| Work to complete |
Find the line containing "Jack's Classic 20-6-22" in the data below and repeat it, along with all later lines, exactly through the last one.

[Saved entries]
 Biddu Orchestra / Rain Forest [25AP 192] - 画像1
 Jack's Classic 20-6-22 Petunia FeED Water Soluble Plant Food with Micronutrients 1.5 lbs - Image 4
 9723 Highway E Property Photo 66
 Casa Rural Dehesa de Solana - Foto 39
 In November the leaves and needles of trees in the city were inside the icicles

| Exercise result |
 Jack's Classic 20-6-22 Petunia FeED Water Soluble Plant Food with Micronutrients 1.5 lbs - Image 4
 9723 Highway E Property Photo 66
 Casa Rural Dehesa de Solana - Foto 39
 In November the leaves and needles of trees in the city were inside the icicles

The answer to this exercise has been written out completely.